There's probably a line in the T's and C's that nobody reads when you first start up the phone where you give them permission. Reading the other comments, it will be in there if they even need to ask; on websites, websites do not need to ask for permission for functional cookies.
App do not have an advantage here. the EU 'cookie law' doesn't mention cookies at all. All it says is that you cannot track users without permission, and that this permission must be freely and explicitly given. It's just that this is usually done using cookies on websites, but the specifics don't matter. Apps absolutely have to ask for permission before tracking a user.
Now if this is actually enforced or not is a different matter.
The usability nightmare is not caused by lawmakers. The usability nightmare is caused by businesses who think they need to put Google analytics on every single page.

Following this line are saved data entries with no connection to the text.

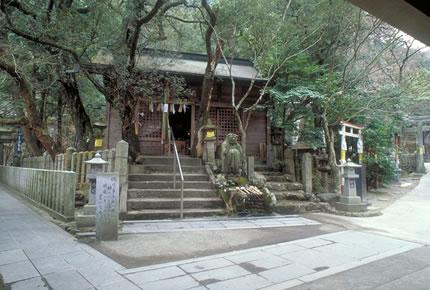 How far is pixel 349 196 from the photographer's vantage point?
10.6m

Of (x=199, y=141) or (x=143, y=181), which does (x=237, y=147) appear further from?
(x=143, y=181)

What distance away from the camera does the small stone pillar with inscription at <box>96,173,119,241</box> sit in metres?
6.32

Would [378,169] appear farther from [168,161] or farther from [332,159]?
[168,161]

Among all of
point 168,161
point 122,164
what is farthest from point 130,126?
point 122,164

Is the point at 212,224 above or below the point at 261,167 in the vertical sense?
below

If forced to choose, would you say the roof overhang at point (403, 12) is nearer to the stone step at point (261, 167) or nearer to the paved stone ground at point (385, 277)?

It is possible to create websites completely without cookie banners. You just have to not track your customers unnecessarily.
I love how GDPR apologists love to deflect blame from the law and lawmakers who were the initial cause of the problem.
And what affect did have? Did the 99 section 11 chapter law have any deleterious affect on adTech? Did it make browsing better or worse?
We see the effect that of an effective strategy, when Apple made tracking opt in, publicly traded companies like FB admitted that it caused billions in lost revenue.
The only thing the GDPR did was give us cookie banners.
Why do 3rd party apps have to ask for permission to track, but Apple's apps do not?